Also they can supply the growing markets in Asia with less shipping cost than the US can, at least until they build a new wider Panama Canal that can pass the huge tankers which are now the most economical for shipping oil and LNG. That may never happen and is at least four decades away before it is operational.

http://seekingalpha.com/article/1540402-why-oil-is-100-per-barrel-despite-booming-american-oil-production?source=email_macro_view&ifp=0 said:
... of the 7.2 billion people in the world. {US's 320 million is less than 5%} It is the billions of people in China, India, Brazil and Africa who are every day fighting to have a higher standard of living that are significantly increasing their oil consumption.

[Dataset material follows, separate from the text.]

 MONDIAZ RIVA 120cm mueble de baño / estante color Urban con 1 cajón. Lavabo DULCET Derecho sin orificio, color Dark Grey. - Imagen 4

According to the CIA World Factbook, for every 1,000 people in the United States 61 barrels of oil are consumed every day. In China, that number is 7 barrels of oil. In India it is 3 barrels of oil. Those two countries have a combined 2.5 billion people and could double, triple, even quadruple their oil consumption per capita and still not come close to what each person in the United States uses.

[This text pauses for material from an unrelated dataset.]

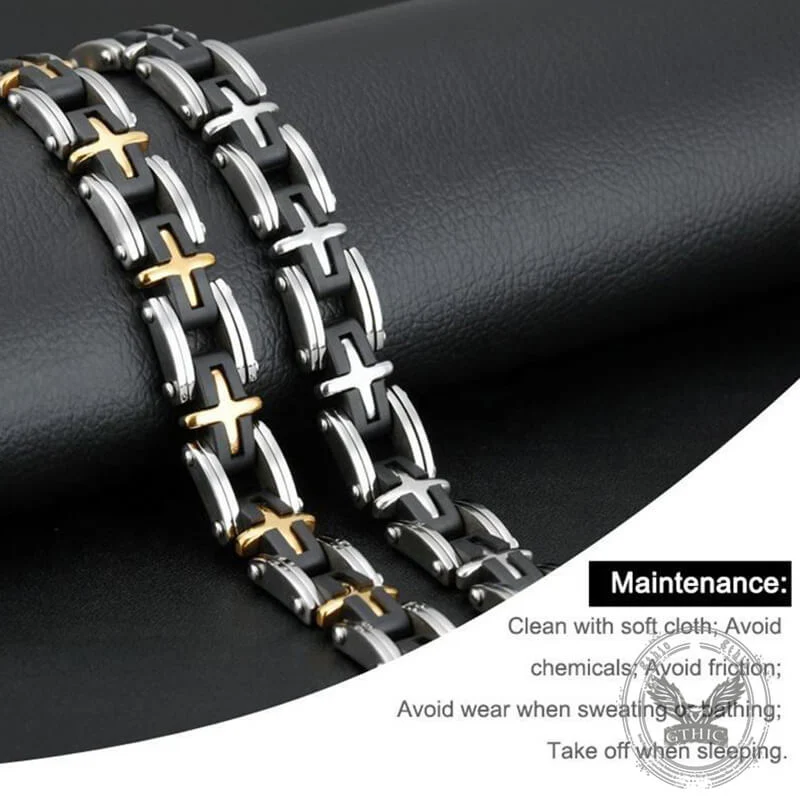 Classic Cross Stainless Steel Silicone Bracelet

The key point from this demand growth is that every year the world needs to add almost one million barrels per day of oil production just to keep up with demand growth from these emerging countries. Last year United States oil production did the unthinkable and increased by one million barrels per day. That incredible accomplishment was entirely wiped out by demand growth elsewhere in the world.
I.e. oil prices will rise, but so will productivity per unit of energy input as it long has been doing, so the burden of energy cost on the economy will probably continue to decrease as it has for decades. As Fraggle correctly points out whenever he can, the huge waste of energy moving bodies to a common work place can still be greatly reduced. Jim Rogers has suggested, and I think there is considerable merit in the idea, that government legislation from DC should cease to exist.* I.e. Congress people remain in their home districts, both so that the people they represent can speak with them and more importantly to make the lobbyist need to go to 455 different locations to give out bribes, etc. instead of only to "Capital Hill" in DC.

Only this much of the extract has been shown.